* _WORK ORDER_: All that should be output is the block of lines below from the line with "Feuer bedroht 50" to the line with "20240122_135915_copy_1512x2016", both included, exactly as written.

* _INFORMATION_:
***
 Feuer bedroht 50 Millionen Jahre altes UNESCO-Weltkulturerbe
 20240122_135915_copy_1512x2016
***
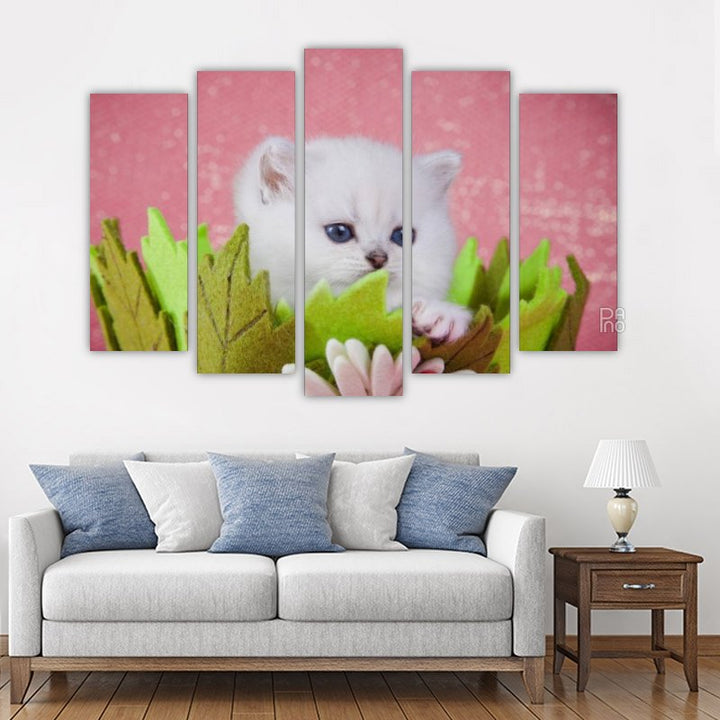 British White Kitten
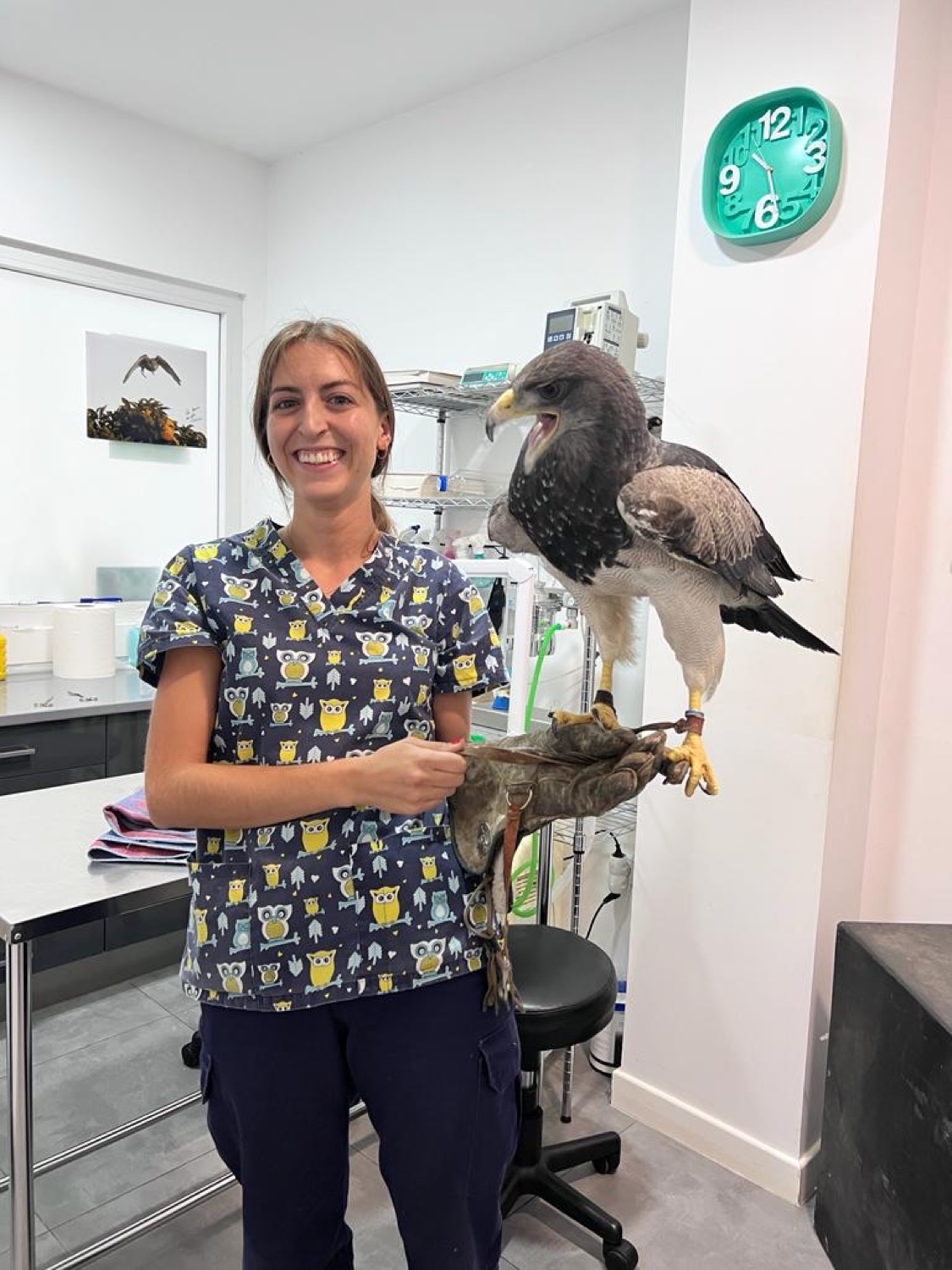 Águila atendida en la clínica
***
* _RESPONSE TO THIS EXERCISE_:
 Feuer bedroht 50 Millionen Jahre altes UNESCO-Weltkulturerbe
 20240122_135915_copy_1512x2016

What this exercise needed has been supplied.